When I first wrote this in February, my fear was that Brexit’s economic effects would depress future growth. 

While the UK would be dissolved, the woke battalions could further limit free speech in universities. Unionism was also on the decline in Scotland and Northern Ireland.

England was beginning to look like the dark, backward, and gloomy England I had lamented. It wasn’t the same place Philip Pullman imagined in his fantasy novels. This parallel universe didn’t have the Reformation, Enlightenment, or Industrial Revolution. It seemed that we were heading back to 1970s.

Wrong, again – well, partly wrong. No doubt, there were echos of 1970s football this year. English football raised feverish hopes only for them to be crushed in a manner that reminded Gerd Mueller’s 1970 quarter-final victory. 

The Prime Minister Boris Johnson visits the Francis Crick Vaccination Centre in central London, to have his second Covid-19 Vaccination jab

Boris Johnson is the Prime Minister and he visits London’s Francis Crick Vaccination centre in central London to get his second Covid-19 Vaccination jab. 

The Monarchy was not as badly questioned since God Save The Queen was published by the Sex Pistols. Oprah won’t have it any other way than March when she interviewed Prince Harry, his professional aggrieved spouse, Meghan Markle.

BUT in other ways the British public seemed – and seems – impressively determined to keep calm and carry on in ways that recalled earlier and more admirable periods in its history.

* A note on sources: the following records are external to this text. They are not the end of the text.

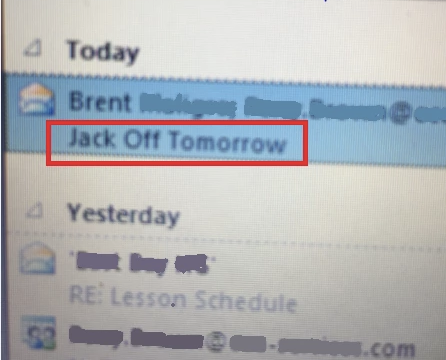 &quot;Jack Off Tomorrow&quot;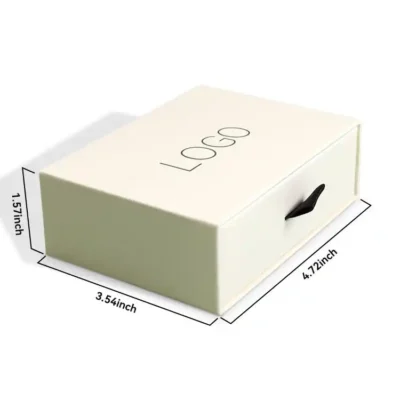 Luxury Drawer Jewelry Packaging Gift Boxes with Ribbon Handle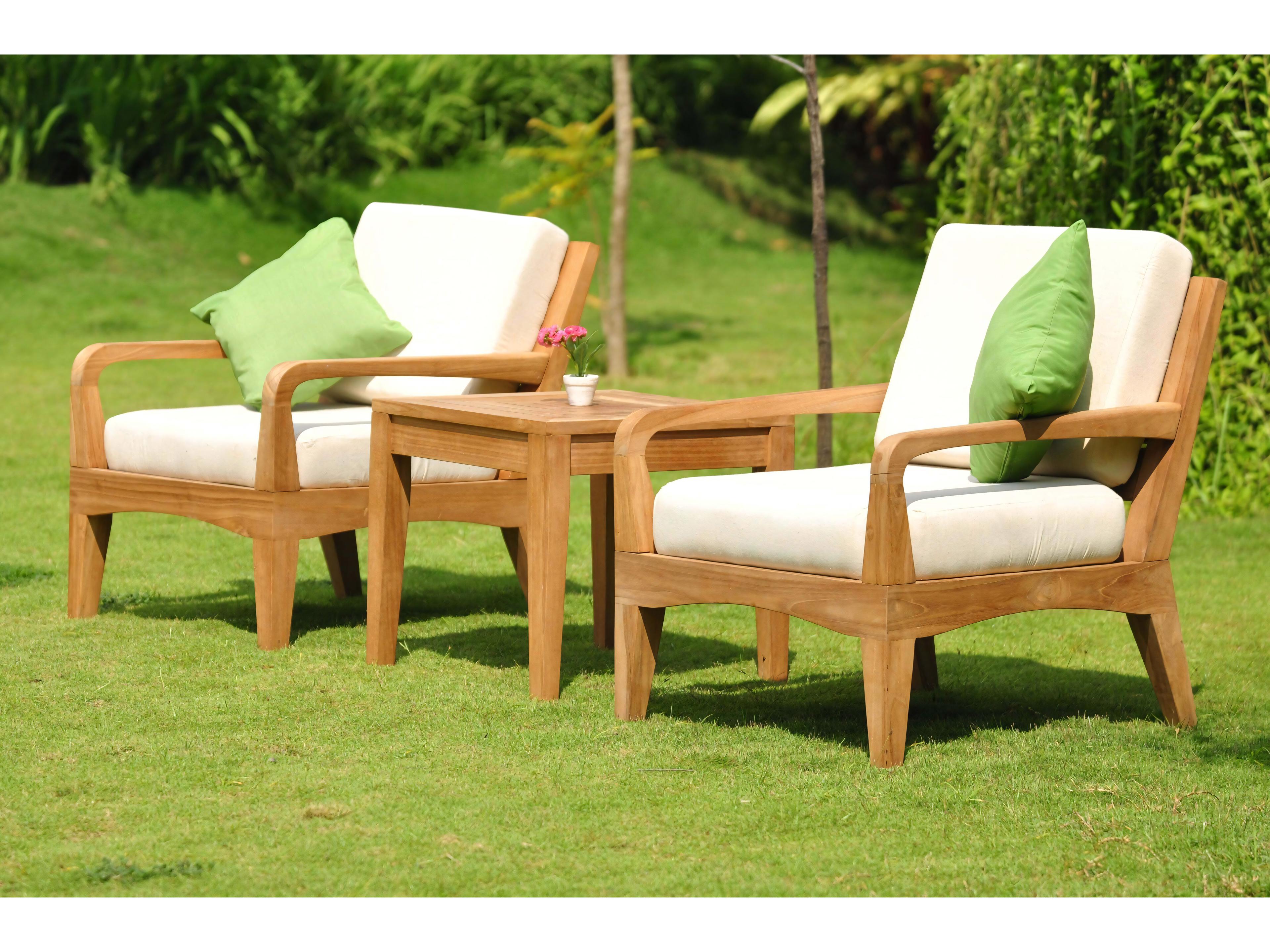 Teak Smith Noida Square Side Table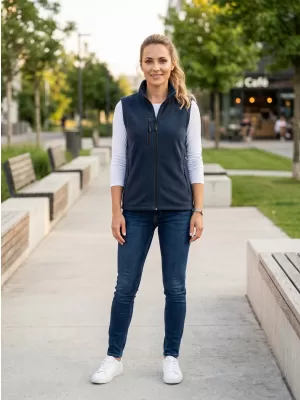 Vesta de dama fleece MALFINI EXIT W-525 ALBASTRU MARIN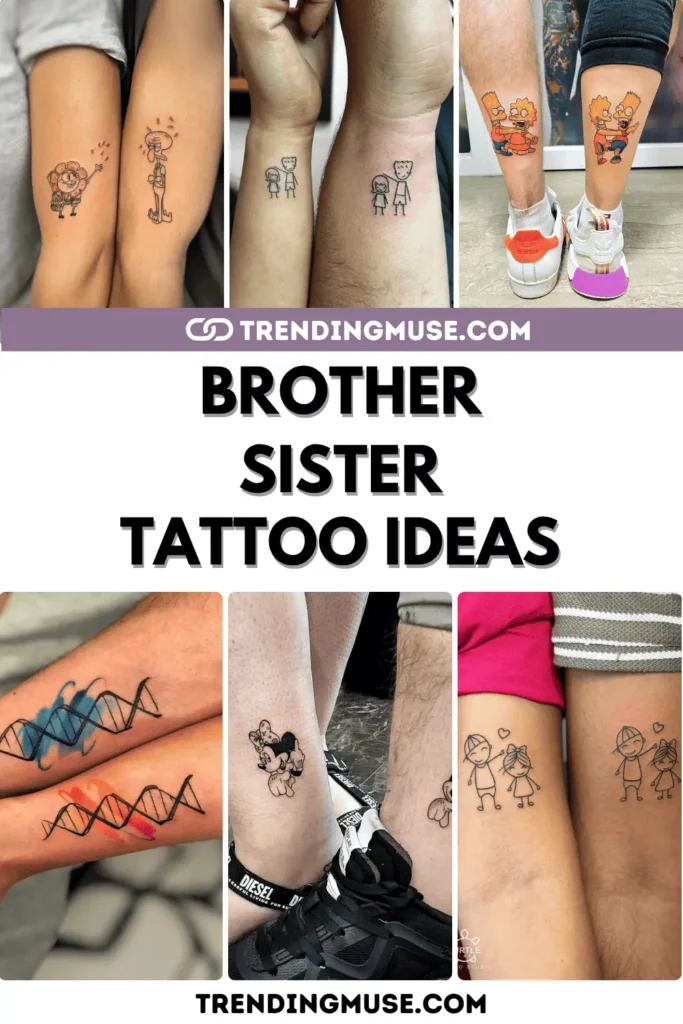 These 15 Brother and Sister Tattoo Ideas Are Too Cute to Miss 🥹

Britain became the first country (apart from the United Arab Emirates, Chile), to provide vaccines for 75 percent of its citizens. The European Union was also faster in removing Covid-related restrictions. This meant that England’s October felt much more normal than in California and Germany.

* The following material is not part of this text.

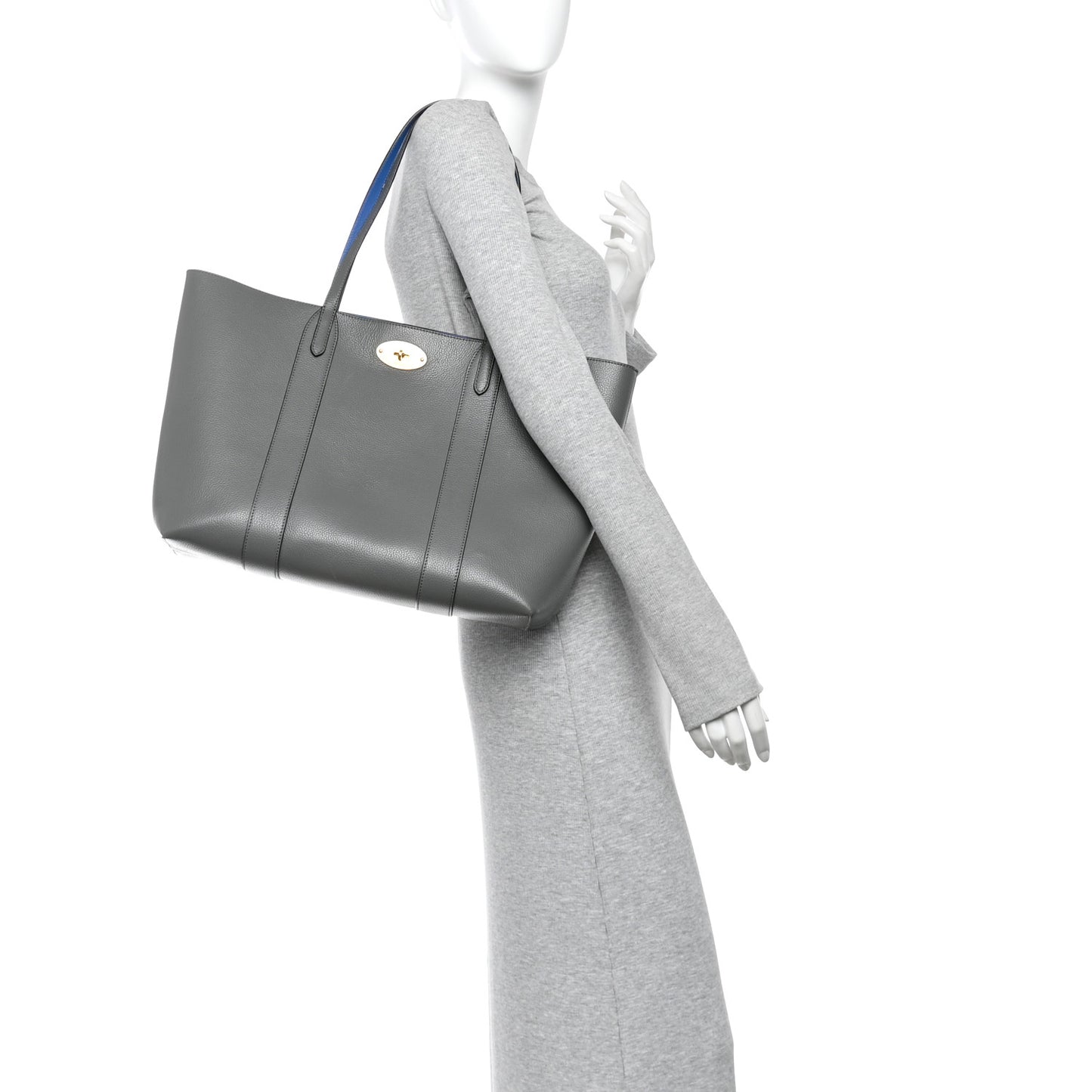 Small Classic Grain Bayswater Tote Charcoal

The probability of Scottish independence fell, not rose, when the Scottish National Party failed to win an absolute majority in Edinburgh’s parliament. Also, the public became tired of Nicola Sturgeon’s incessant interference in people’s private lives.

Most encouraging were the signals that the tide was changing against wokeism, not just in British culture but also at universities.

In Cambridge, bold dons staged a splendid and successful revolt against their vice-chancellor’s appalling speech code – in reality, a charter for censorship – and there was a wave of support for Kathleen Stock after she was harassed off the Sussex University campus by a mob of transgender Red Guards.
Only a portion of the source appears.